= Stella Sutherland =

Stella Sutherland (7 October 1924 – 15 October 2015) was one of the Shetland writers of the later 20th and early 21st century. Best known for poetry in both English and Shetland dialect, she also contributed articles and short stories to local magazines, especially The New Shetlander.

== Biography ==

Sutherland was born in Bressay in 1924. Her early years were spent in Sandwick, on the Shetland mainland, her teenage years in the island of Foula. As a young woman she worked in Lerwick, before her marriage in 1949 to Bressay farmer Laurence Sutherland. She died in Lerwick on 15 October 2015.

== Publications ==

Sutherland was an early contributor to The New Shetlander, and many of her articles, stories, and uncollected poems can be found in the pages of that magazine, and in the later monthly Shetland Life.

Poems by her appear in several anthologies: Nordern Lights (1964, Zetland County Council Education Committee); John and Laurence Graham's A Shetland Anthology (1998).; Swedish poet Håkon Anderson's Landskapets lycka: Vandringar och poesi i brittiska landskap (2005).; Bright pebbles (2010, Shetland Islands Council); These islands, we sing (2011, Polygon).

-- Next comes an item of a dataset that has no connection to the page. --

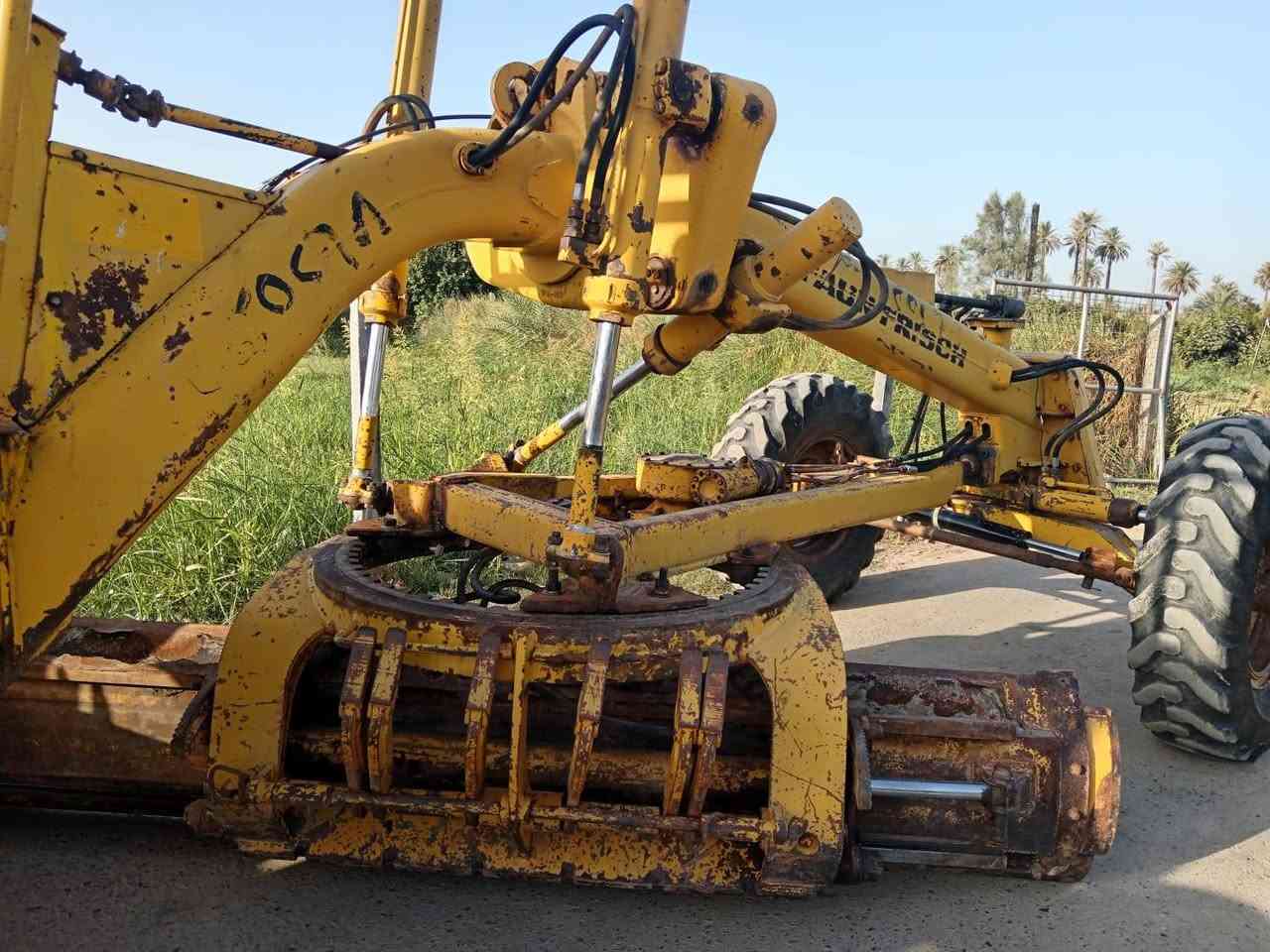 السلام عليكم للبيع كريدر فاون فريش ***********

Published collections are:

Aa my Selves (1980, Shetland Times)

A Celebration and other poems (1991, the author)

Joy o creation (2008, Hansel Cooperative Press) (reviewed here, and the source of a 'Poem of the Week' in the Scotsman).

The Yule 2012 issue of The New Shetlander featured a CD celebrating "the work of one of Shetland’s best poets: a compilation of poems and stories, on archive tracks and new recordings, read by Stella and friends." Other audio clips can be found on the websites of the Shetland Library and Shetland ForWirds.